Mango Grilled Chicken Salad

This is a great time to eat mango. They are ripe and soooo good and sweat. Eat this salad for lunch or dinner. And pack it up to work.



For dressing:

5 oz.dice mango
3 oz. juice from fresh oranges (2 oranges)
2 tablespoon of apple cider vinegar or any other vinegar

Makes around 8 oz. of dressing. You can keep in a refrigerator for one week.

For salad:

mesclun salad
4 oz crumbled goat cheese 
16 pecans or walnuts
6 grape or cocktail tomatoes
1/2 dice mango


Mango dressing: in a blender, mix mango, vinegar and fresh squeezed orange juice; blend well. Choose consistency by adding more or less fresh squeezed orange juice. Optional:if mango is not sweet, you can add brown sugar.

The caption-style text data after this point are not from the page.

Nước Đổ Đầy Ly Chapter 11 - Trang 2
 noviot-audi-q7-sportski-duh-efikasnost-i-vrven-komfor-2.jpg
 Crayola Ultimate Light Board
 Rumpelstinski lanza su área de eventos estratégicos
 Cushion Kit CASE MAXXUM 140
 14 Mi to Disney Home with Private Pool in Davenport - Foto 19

Combine mesclun salad, pecans or walnuts, tomatoes, mango, goat cheese in a large bowl. Add the dressing and toss. Place a grilled chicken on the top.







Frozen Mango Caipirinha

It is too hot outside. It’s time to cool off!  



3 1/2 oz. Cachaça
4 teaspoon cane sugar
1 lime (quartered)
1 medium mango
2 cups of ice cubes


Muddle 8 lime wedges and 4 teaspoons raw cane sugar in a bowl. Cut mango is a small pieces.  In a blender, combine mango, Cachaça, and ice; add juice made from lime wedges and raw cane sugar (leaving lime wedges and splitting between two glasses), and blend. Pour everything into two tall 16 oz. glasses with remained lime wedges.Garnish with lime.